Review: Resident Evil: The Umbrella Conspiracy

The Umbrella Conspiracy (Resident Evil, #1)The Umbrella Conspiracy
by S.D. Perry

My rating: 5 of 5 stars

Resident Evil: The Umbrella Conspiracy / 9781781161883

I haven't played the Resident Evil games, but I've always been interested in the franchise, and I have to say that I loved this book. I'll give you the bottom-line first: this book held my attention more firmly than anything else I've read in the last few months, and I recommend it highly to fans of suspenseful horror. Also, this is probably one of the best-formatted e-Books I've seen in a month of Sundays and I appreciate Titan Books taking the time to do things right.

"The Umbrella Conspiracy" is the first in the S.D. Perry novelization series for the Resident Evil games and this book is meant to roughly correspond to the original Resident Evil game. Not having played the game, I can't speak to the accuracy of the content, but the book certainly has the perfect feel of a game novelization. Unlike the R.E. movies (and their novelizations), this isn't a "members of the larger group get picked off one-by-one" attrition horror novel; instead this is a very "alone and afraid" suspenseful horror novel. Most of the characters travel solo through the Spencer mansion, and the horror comes from constantly being on the edge of your seat as you worry what terrible thing they will find next.

And I can't stress this enough: if you prefer action horror, you just might find this book kind of boring. But if you enjoy letting your own imagination work you up into a frightened frenzy, then this book will grip you and shake you like a limp rag. And it will be awesome.

I love reading movie and game novelizations, so I'd run into S.D. Perry before when reading her Aliens books. I hadn't been terribly impressed with those; I felt like she was a competent author but the final product was on the decent side of nothing-to-write-home-about. But with a franchise like Aliens or Resident Evil, you never really know how much of the mediocrity is the fault of the author and how much is the fault of the people dictating the content. Here, S.D. Perry really shines, and it's clear on every page -- characters are enjoyable and well-written (to the point where I didn't even mind the frequent switch of POV), the suspense is tangible, the descriptions are lush without being overwrought, and the villain is delightful.

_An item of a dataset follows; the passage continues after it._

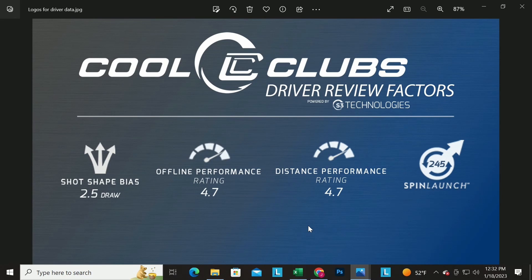Let's run through the driver key performance characteristics. Shot shape — is it draw-biased or fade-biased? We set up the driver with a zero-path, zero-face swing and just see where the ball goes. A draw-biased driver goes left; a fade-biased driver goes right. We categorize it and give you a number — for example, 2.5 degrees left means draw-biased. If you slice it, look for draw-biased clubs; if you hook it a lot, look for fade-biased clubs.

And I want to highlight something else I loved about this book. Resident Evil is a series with a lot of strong female protagonists. I read the movie novelizations and was disappointed that the series had been handed to a male author who decided that all the women in the novel should have some kind of stereotypical female backstory: sexual harassment, glass ceiling, etc. But the characters written here are just people and not "female characters"; everyone's backstory, skills, and actions over the course of the novel would be the same and make the same degree of sense even if you arbitrarily gender-swapped all the characters and made Chris a woman and Jill a man. For me, it was very refreshing to see women characters who are just normal people in a horror novel instead of being beaten over the head every second that HERE IS A LADY.

I will absolutely be reading the rest of the novels in this series, and I will definitely be checking out Perry's other work now that it's clear to me that she has more talent than a zombie has shuffle.